Would you print all of the entries exactly, please, but without their pictures?

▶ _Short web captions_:
--
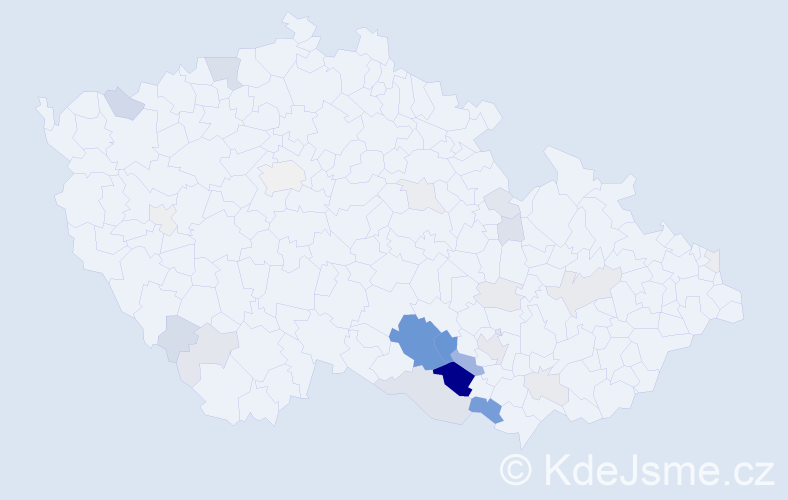 Příjmení: 'Tručka', počet výskytů 88 v celé ČR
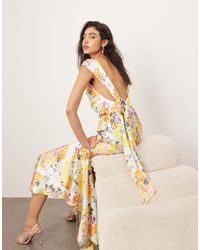 ARRANGE - Vestito Midi Stile Sottoveste Con Taglio Squadrato E Finiture Sul Retro Con Stampa A Fiori Distorti - Lyst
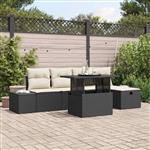vidaXL Tuin Sofa Set 6 pcs Zwart Poly riet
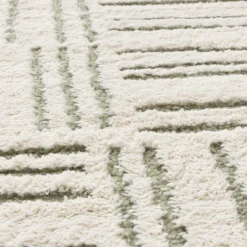 Teppich Wohnzimmer - Yune Lines Creme Grün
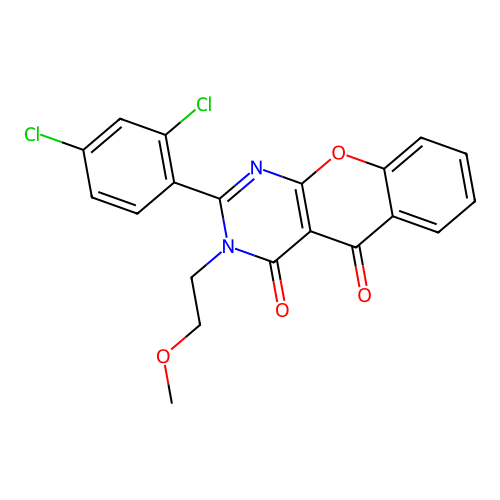 2-(2,4-dichlorophenyl)-3-(2-methoxyethyl)-3H-chromeno[2,3-d]pyrimidine-4,5-dione structure
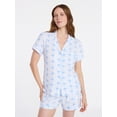 thumbnail image 1 of Joyspun Women’s Dreamy Soft Collection Bridal Knit Top and Shorts Pajama Set, 2-Piece, Sizes XS-3X, 1 of 9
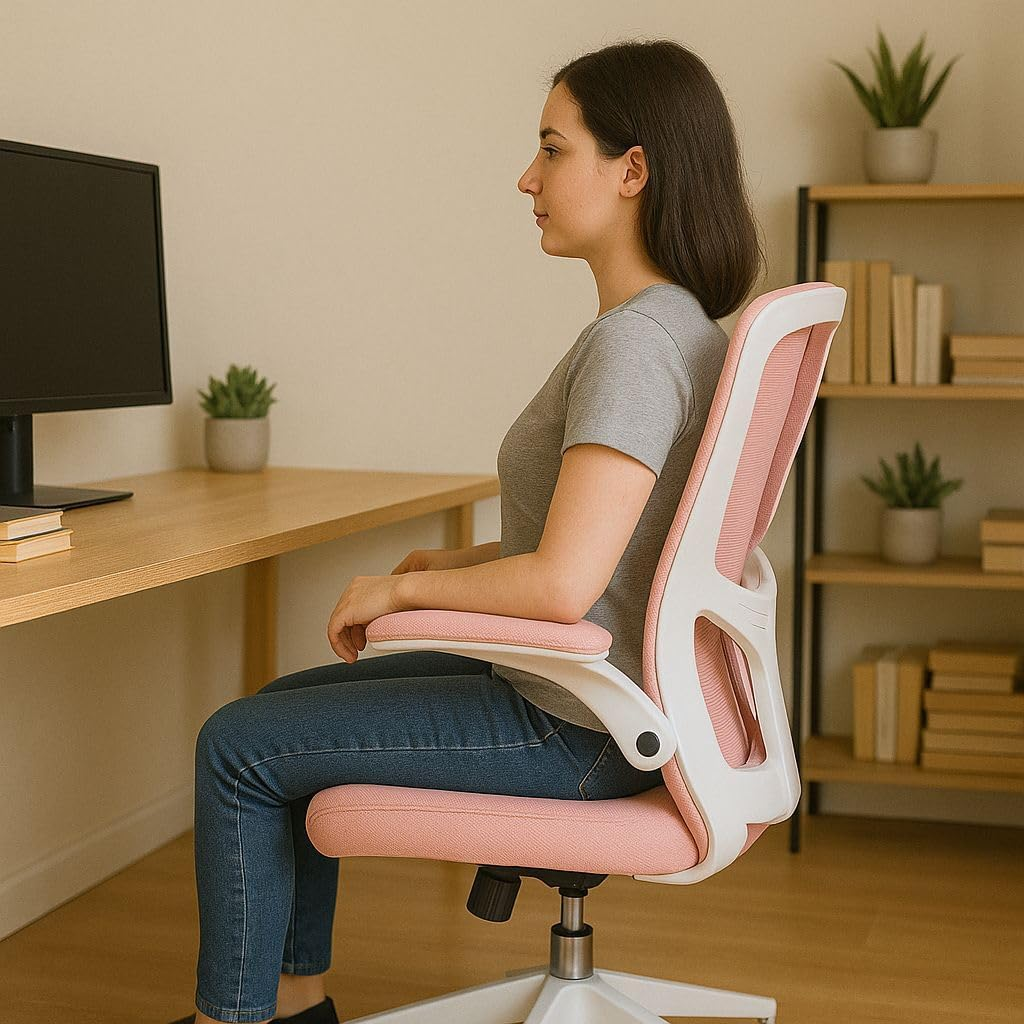 Cloud Chairs Liv Ergonomic Office Chair, Desk Chair, Breathable Mesh Back, Lumbar Support, Flip‑Up Arms, Height Adjustable, Comfortable Seat, Home Office, (Pink) image number 3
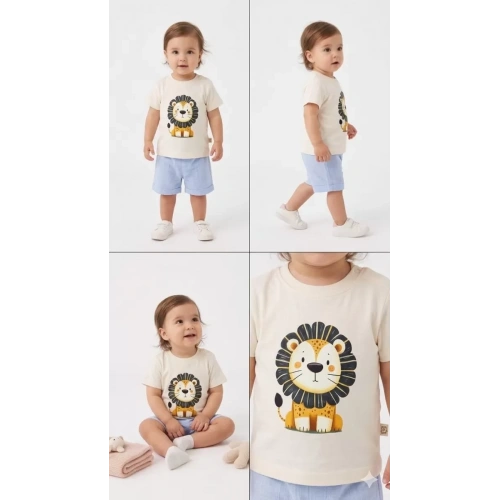 6/24 Ay Keten Şortlu Basic Bebek Takımı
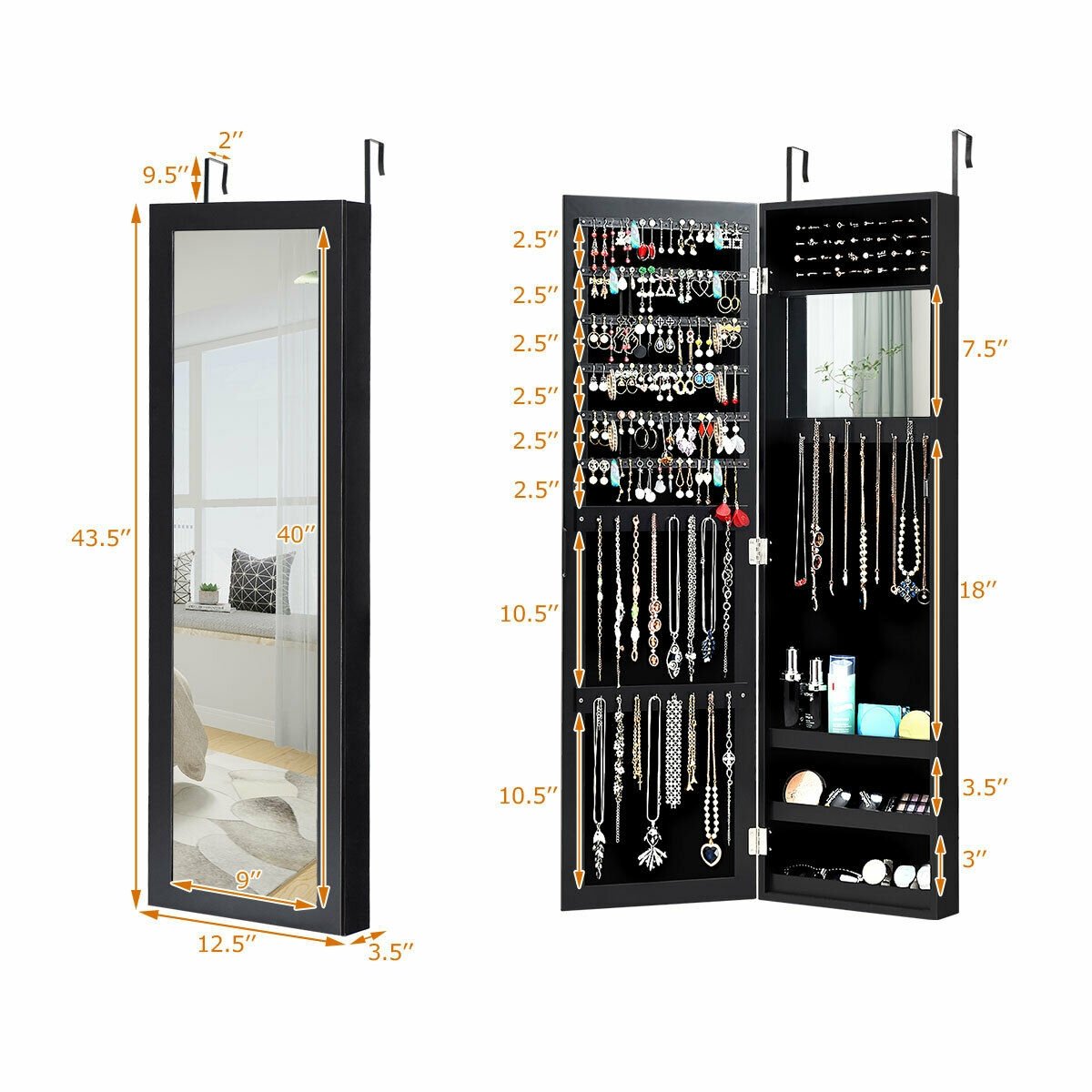 Full Length Mirror Jewelry Cabinet with Ring Slots and Necklace Hooks, Black - Gallery Canada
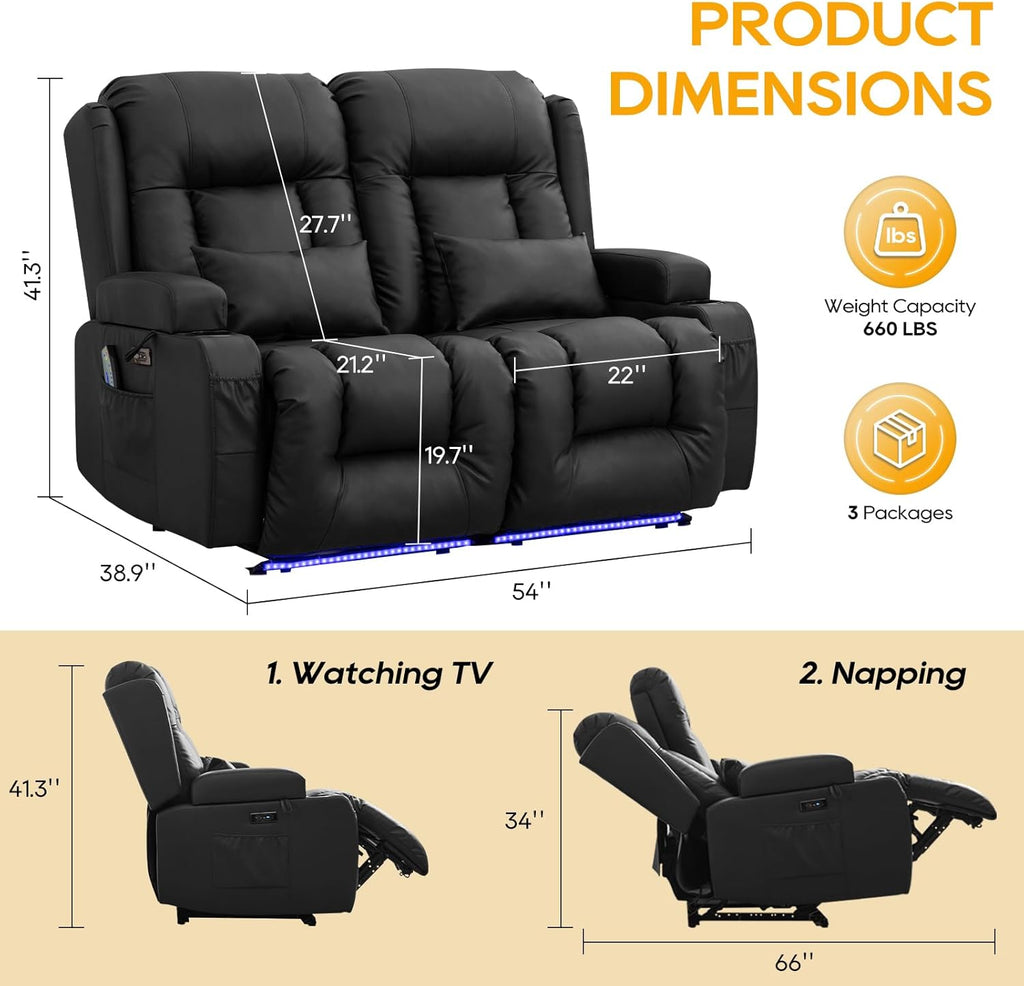 54" Power Loveseat Recliner Sofa, Electric Home Theater Seating with Massage Heat/4 Colors Ambient Lights/USB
--
▶ _EXERCISE ANSWER_:
 Příjmení: 'Tručka', počet výskytů 88 v celé ČR
 ARRANGE - Vestito Midi Stile Sottoveste Con Taglio Squadrato E Finiture Sul Retro Con Stampa A Fiori Distorti - Lyst
vidaXL Tuin Sofa Set 6 pcs Zwart Poly riet
 Teppich Wohnzimmer - Yune Lines Creme Grün
 2-(2,4-dichlorophenyl)-3-(2-methoxyethyl)-3H-chromeno[2,3-d]pyrimidine-4,5-dione structure
 thumbnail image 1 of Joyspun Women’s Dreamy Soft Collection Bridal Knit Top and Shorts Pajama Set, 2-Piece, Sizes XS-3X, 1 of 9
 Cloud Chairs Liv Ergonomic Office Chair, Desk Chair, Breathable Mesh Back, Lumbar Support, Flip‑Up Arms, Height Adjustable, Comfortable Seat, Home Office, (Pink) image number 3
 6/24 Ay Keten Şortlu Basic Bebek Takımı
 Full Length Mirror Jewelry Cabinet with Ring Slots and Necklace Hooks, Black - Gallery Canada
 54" Power Loveseat Recliner Sofa, Electric Home Theater Seating with Massage Heat/4 Colors Ambient Lights/USB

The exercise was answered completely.